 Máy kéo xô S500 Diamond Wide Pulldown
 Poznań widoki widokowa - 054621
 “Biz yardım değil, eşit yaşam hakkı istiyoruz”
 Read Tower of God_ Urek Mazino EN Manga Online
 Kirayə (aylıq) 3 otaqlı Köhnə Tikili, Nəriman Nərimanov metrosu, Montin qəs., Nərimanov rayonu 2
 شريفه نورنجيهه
--
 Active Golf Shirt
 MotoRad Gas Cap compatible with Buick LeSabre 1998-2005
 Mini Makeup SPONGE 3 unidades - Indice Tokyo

• **WORK TO BE COMPLETED**
Would you please copy exactly the part of the entries above that begins at the line containing "Active Golf Shirt" and ends at the line containing "Mini Makeup SPONGE 3 unidades - Indice Tokyo", both lines included?

• **EXERCISE ANSWER**
 Active Golf Shirt
 MotoRad Gas Cap compatible with Buick LeSabre 1998-2005
 Mini Makeup SPONGE 3 unidades - Indice Tokyo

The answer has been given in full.